“這又是什么?也是秘密嗎?”
“是的,我最溫暖的秘密。”
見夏德拒絕回答,她下意識的感覺自己被不信任了。明明那懷表都給了他,回歸性原理也給了他,現在他居然不信任總之現在有人在生悶氣,但偏偏又沒辦法說清楚理由。
不過溫暖的食物總是讓人心情愉悅,特別是在這種冰冷的環境下。而且有了女仆的侍奉,吃起飯來速度也很快,就連心中在生悶氣的某位女士都因此開心了不少。
那只懷表的出現讓她直接將身邊的男人當做了最親近的人之一,她很確定不管這懷表是什么時間點的自己給出的,都必定代表了絕對的信任。
因此夏德發現吃這頓飯的時候,薩貝爾小姐和自己說起話來居然親密了不少,這讓他懷疑那姑娘在冰封中多年未進食,這次忽然吃到美食也是感動壞了。
當然,吃飯過程中兩人一直沒有停止交流。女術士心中其實有千百個問題想要問出,但她知道此時還不是說這些的時候:
“華生先生,你剛才自我介紹的時候說,你闖入這城堡是為了尋找一個上古邪靈?”
她文雅的用著餐:
“我的腦海中忽然多出了和你提到的那個東西有關的知識,我似乎也了解它.也許當年我來到這里,也是為了尋找它。”

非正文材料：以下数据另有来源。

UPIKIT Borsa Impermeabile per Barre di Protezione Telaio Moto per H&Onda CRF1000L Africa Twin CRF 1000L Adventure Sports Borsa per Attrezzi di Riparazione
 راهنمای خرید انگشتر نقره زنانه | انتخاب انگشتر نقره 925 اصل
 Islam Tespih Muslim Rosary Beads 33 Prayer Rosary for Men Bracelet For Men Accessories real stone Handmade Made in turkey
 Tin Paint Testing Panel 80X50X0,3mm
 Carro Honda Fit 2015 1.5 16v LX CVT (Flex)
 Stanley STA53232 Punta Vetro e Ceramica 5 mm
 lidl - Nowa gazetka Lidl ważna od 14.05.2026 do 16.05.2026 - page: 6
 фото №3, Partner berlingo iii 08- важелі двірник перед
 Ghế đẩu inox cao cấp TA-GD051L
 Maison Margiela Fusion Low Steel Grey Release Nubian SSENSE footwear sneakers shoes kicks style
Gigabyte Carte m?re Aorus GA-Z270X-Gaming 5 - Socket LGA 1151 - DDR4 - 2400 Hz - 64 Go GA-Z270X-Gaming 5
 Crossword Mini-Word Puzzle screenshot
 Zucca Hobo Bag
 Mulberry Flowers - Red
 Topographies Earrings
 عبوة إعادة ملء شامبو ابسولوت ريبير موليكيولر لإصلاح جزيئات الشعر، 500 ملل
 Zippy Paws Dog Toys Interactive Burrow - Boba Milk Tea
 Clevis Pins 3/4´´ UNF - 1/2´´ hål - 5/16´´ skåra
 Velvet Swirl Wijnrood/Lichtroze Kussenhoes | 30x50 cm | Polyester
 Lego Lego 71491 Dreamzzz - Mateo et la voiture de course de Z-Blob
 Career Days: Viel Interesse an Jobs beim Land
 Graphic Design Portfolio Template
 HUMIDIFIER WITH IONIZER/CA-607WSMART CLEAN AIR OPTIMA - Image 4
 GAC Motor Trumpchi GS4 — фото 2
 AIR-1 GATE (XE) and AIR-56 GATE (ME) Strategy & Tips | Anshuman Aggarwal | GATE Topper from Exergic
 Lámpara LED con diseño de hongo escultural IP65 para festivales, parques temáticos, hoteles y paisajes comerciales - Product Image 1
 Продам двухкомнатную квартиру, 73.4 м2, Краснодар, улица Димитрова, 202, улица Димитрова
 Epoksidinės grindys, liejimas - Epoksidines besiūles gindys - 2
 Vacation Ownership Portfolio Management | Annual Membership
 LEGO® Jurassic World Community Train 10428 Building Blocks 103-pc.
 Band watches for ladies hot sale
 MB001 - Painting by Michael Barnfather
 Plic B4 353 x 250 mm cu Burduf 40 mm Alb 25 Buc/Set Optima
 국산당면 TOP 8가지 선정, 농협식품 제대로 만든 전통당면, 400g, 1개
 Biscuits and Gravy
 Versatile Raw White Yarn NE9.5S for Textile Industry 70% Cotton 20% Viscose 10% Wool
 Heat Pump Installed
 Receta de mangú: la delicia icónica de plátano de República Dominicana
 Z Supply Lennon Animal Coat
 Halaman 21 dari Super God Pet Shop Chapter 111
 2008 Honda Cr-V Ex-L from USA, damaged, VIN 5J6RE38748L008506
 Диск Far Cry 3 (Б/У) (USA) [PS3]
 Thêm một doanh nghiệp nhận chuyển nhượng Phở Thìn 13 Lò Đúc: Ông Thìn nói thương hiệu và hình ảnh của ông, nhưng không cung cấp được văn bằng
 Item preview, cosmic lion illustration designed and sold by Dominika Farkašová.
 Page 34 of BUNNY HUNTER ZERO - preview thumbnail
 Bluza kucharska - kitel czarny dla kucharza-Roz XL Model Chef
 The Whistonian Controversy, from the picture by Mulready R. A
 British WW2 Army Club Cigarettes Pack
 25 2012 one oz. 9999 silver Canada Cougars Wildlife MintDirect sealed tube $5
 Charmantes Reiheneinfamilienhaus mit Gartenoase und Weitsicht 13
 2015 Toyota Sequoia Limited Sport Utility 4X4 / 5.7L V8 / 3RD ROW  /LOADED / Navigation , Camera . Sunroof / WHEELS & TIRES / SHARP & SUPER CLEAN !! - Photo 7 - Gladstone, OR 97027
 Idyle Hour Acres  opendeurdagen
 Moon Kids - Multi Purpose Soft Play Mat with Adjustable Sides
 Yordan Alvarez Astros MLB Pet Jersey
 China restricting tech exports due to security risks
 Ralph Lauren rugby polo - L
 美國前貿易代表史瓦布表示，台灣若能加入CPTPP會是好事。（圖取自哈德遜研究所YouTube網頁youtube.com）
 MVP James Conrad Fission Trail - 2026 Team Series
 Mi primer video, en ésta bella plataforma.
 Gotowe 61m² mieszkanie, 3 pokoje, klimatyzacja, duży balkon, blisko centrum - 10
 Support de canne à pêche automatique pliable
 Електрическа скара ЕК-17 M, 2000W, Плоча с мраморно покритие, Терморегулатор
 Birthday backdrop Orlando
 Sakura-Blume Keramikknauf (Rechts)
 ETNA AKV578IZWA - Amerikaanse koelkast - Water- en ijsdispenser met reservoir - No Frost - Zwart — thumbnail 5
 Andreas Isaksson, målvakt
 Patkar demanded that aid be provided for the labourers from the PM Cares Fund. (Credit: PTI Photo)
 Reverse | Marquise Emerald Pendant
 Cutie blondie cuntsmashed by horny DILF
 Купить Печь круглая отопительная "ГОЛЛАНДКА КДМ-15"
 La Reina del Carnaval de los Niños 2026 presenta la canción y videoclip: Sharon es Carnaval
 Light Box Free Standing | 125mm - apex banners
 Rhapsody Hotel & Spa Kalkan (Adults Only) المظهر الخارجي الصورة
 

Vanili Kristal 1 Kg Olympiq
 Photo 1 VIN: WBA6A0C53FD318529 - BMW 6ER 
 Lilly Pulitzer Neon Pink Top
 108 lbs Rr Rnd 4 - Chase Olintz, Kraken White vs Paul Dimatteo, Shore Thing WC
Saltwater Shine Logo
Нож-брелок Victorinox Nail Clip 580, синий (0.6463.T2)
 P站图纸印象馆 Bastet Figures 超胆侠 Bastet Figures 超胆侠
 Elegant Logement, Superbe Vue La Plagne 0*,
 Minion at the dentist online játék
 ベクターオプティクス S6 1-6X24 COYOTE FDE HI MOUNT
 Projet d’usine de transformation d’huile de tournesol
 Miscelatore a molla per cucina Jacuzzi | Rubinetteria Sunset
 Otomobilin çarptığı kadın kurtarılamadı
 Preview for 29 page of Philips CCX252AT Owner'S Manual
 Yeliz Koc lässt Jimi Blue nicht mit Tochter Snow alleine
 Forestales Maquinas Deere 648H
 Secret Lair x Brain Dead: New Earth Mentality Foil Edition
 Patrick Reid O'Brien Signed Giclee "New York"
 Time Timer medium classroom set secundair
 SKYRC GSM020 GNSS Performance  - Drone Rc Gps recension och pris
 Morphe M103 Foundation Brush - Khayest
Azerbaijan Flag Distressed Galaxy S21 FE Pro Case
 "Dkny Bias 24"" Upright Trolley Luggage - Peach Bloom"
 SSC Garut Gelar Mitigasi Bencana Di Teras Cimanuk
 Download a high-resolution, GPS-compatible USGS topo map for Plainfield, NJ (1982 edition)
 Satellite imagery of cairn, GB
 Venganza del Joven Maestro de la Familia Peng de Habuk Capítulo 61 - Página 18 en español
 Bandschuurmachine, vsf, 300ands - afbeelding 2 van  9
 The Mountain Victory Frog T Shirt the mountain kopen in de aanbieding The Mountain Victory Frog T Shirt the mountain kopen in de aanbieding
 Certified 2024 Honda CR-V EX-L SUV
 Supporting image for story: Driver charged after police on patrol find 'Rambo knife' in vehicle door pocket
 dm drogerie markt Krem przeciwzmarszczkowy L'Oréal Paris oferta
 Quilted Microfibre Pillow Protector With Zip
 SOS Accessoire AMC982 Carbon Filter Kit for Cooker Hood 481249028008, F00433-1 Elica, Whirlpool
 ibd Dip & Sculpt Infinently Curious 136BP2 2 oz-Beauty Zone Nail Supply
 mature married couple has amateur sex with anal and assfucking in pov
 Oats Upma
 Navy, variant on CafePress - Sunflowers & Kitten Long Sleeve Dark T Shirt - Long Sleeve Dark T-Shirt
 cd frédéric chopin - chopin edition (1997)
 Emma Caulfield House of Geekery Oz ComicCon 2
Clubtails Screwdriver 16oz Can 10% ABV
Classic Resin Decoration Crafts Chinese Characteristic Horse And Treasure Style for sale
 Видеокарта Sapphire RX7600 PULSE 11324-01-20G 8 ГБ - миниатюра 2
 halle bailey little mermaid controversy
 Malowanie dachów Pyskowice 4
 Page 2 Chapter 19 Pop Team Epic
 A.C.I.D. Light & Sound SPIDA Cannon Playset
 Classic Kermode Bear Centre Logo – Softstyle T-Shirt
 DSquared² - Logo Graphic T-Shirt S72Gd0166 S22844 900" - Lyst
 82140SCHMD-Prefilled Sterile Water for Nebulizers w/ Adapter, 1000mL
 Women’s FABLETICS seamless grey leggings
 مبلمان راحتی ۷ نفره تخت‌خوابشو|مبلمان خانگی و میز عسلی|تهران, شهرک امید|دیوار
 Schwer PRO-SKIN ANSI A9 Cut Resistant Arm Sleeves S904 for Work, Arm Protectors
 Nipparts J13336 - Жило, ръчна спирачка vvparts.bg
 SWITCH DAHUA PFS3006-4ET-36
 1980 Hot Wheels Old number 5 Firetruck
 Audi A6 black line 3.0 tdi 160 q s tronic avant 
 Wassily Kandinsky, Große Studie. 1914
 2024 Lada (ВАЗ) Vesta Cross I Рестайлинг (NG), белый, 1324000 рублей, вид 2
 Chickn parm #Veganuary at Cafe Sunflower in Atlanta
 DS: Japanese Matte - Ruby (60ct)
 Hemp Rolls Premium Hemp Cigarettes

她不給夏德提問的機會,將自己提前調查出的事情說出口:
“那惡魔是武器的惡魔,其實也是爭斗的惡魔。面對它的時候,自身使用的武器反而會成為那惡魔的幫手,所以一般來說面對你想要追尋的目標,是不能持有武器的。”
這些夏德都知道,她的重點當然不是這個:
“但有種情況是例外,那個上古邪靈只是武器的惡魔,又不是武器的神明。它能控制武器,人當然也能想辦法控制自己的武器不被它控制。其中最直接的方法,就是獲得相應靈符文——【武器】,或者與手中武器匹配的靈符文,比如【劍】、【槍】等等。”
“只是靈符文就可以嗎?”
夏德好奇的問道,醫生可沒提這件事,醫生只是給了夏德子彈和手槍。
但女術士搖頭:
“只憑靈符文當然不夠。但如果在那惡魔重傷或者虛弱狀態,而且你對某種強大的靈性武器有著超出尋常的掌控,大概能短暫的讓自身武器擁有一兩秒的絕對不受控狀態。
這條件非常嚴苛,但也算是一種方案。”
夏德心中記下這一點,醫生沒說也許是因為這方案太差勁,也許是因為他知道夏德沒有這種靈符文,所以沒必要專門再去想辦法獲得這枚靈符文。總之比起“夏德標記惡魔,醫生搜尋惡魔”的計劃,薩貝爾小姐提供的方案還是有些麻煩,不過記下來總是沒錯的。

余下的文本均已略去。